Estados Unidos vigila al mundo. La revelación de la existencia de un Gran Hermano tan tremendo lleva a maltraer a Obama, que apoya estos seguimiento masivos, y supongo que preocupa a los ciudadanos americanos – y de más allá de las Montañas Rocosas -, más conscientes del alcance del fenómeno. El conocimiento de que la Agencia de Seguridad Norteamericana recoge y analiza indiscriminadamente la información que circula por Google, Facebook, Microsoft y otros tantos operadores mundiales de datos, sin embargo, no ha causado la alarma que cabría esperar, al menos por el momento.
En realidad, ha sido solo el puñado de medios liberales que aún quedan en el mundo: Finantial Times, The Guardian o el Washington Post, los que atizan en la crítica. Las grandes instituciones públicas norteamericanas, y no digamos los republicanos, apoyan el mantenimiento de este espionaje masivo «pues ayuda a combatir el terrorismo». Y la opinión pública yankee parece acompañar a estos últimos pues casi no se ha inmutado. Todo indica que este notable descubrimiento informativo no ha cogido desprevenido a nadie: como si todos creyéramos, o sospecháramos, que estamos siendo espiados.
La cuestión no es menor. Una sociedad que no siente como un mal horrible el estar vigilada, es una sociedad bien distinta a la que se describe como necesaria en los manuales de democracia que todavía manejamos algunos. Es otra. Las razones para tal mutación deben de conocerlas los investigadores sociales pero todavía no se han atrevido a desnudarla en un decálogo.
Aunque el ciudadano común sí advierte cambios notables. Por ejemplo, los programas de televisión más seguidos viven del desnudo de la intimidad. Son millares los hombres y mujeres que acuden a estos platós para relatar sus tratos más húmedos o despellejar a la madre. Y esas mismas personas se suman a las decenas de millones que van narrando minuto a minuto en la redes sociales ese vagar azaroso – tan tierno como violento – que es la vida diaria. El trabajo del espía ahora no consiste en la búsqueda de información, sino en poder abrirse camino entre tanta revelación.

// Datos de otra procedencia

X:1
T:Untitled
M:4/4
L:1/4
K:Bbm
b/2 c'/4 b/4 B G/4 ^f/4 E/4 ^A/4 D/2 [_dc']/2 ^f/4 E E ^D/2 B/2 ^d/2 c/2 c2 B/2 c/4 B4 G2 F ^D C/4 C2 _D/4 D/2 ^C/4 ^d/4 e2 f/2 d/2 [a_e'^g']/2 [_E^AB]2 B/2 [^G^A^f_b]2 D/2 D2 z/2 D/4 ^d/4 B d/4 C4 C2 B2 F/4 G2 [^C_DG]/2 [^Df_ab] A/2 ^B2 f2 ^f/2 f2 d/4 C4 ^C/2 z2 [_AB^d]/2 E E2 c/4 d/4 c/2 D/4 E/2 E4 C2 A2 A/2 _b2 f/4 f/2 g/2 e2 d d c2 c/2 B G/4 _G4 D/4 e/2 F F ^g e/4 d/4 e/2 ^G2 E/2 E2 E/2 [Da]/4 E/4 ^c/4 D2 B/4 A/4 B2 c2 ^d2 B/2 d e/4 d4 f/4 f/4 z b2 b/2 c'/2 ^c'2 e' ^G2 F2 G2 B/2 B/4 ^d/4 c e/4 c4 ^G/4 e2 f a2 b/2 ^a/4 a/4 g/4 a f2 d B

Un amigo escritor me pide opinión sobre la novela corta que concluye. Uno de sus personajes, ya mayor, muere de espanto cuando su nieta le muestra en una pantalla el Facebook de cuando era joven. La novela se sitúa en 2035.

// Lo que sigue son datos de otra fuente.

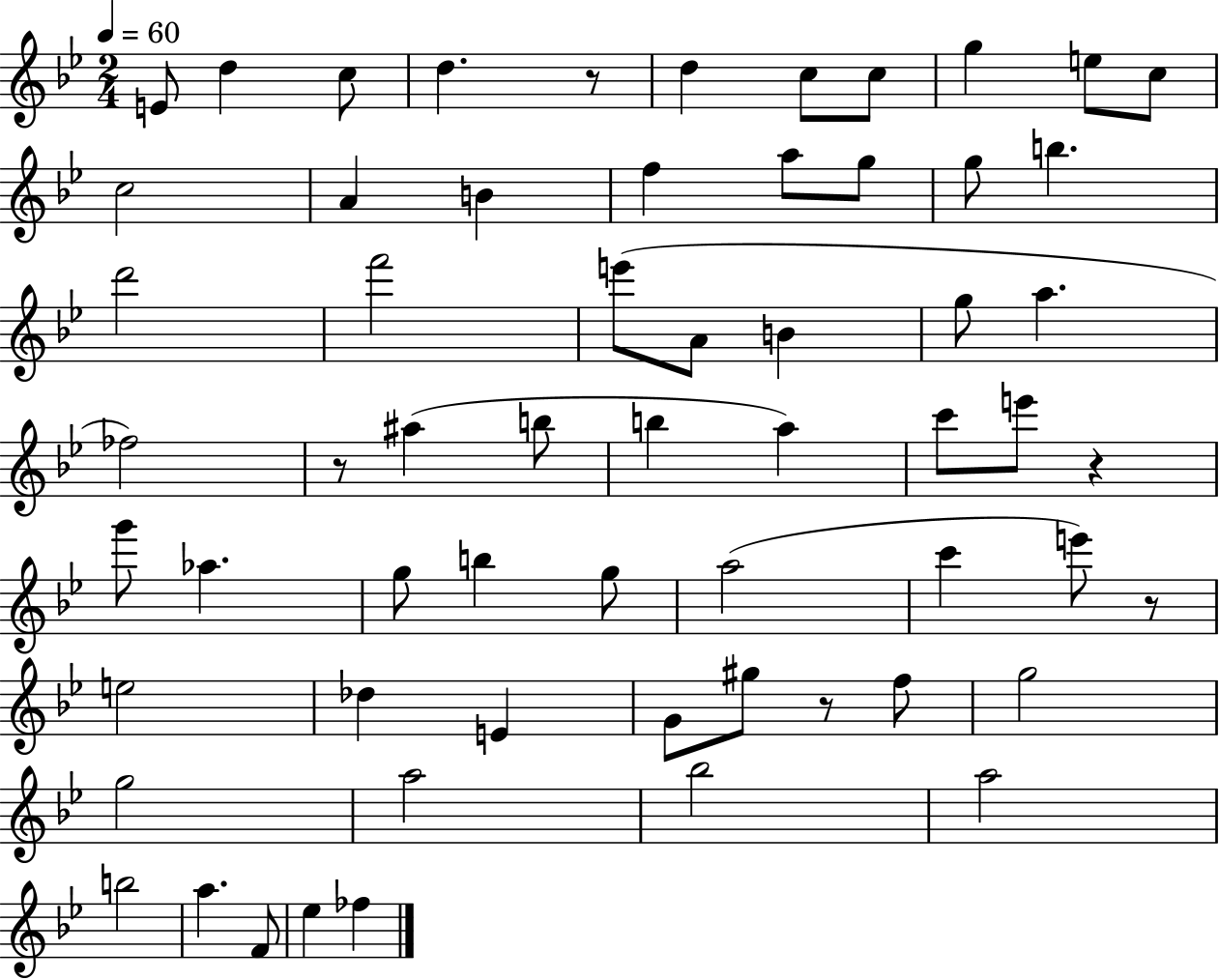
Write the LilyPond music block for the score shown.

Es fácil rechazar la intromisión en nuestra intimidad, por parte de agencias de espionaje y los gobiernos que las controlan. Lo que es más difícil es razonar sobre cómo podemos estar protegidos de las fuerzas que tenemos alrededor y que pretenden algo peor que el espionaje.
Parece claro que no existe la protección total contra la barbarie. Y, también, que hemos de elegir un grado de intromisión a cambio de otro de protección. Y esto es difícil de gestionar y, sobre todo, de hacerlo a gusto de todos. Lo que me parece pueril es pensar que las policías e investigadores pueden atrapar al malo que vive en las cloacas, sin ensuciarse los bajos del pantalón. Desde luego sería mucho más ágil el acceso a los aviones y a los edificios públicos, si suprimieran los arcos de seguridad y otros controles pero, a algunos, no nos importa la demora.
Insisto: ¿cuál es el grado eficaz de protección que no atenta contra nuestra intimidad?
Sobre eso es lo que me gustaría oír debates, pero el rechazo total no creo que sea realista.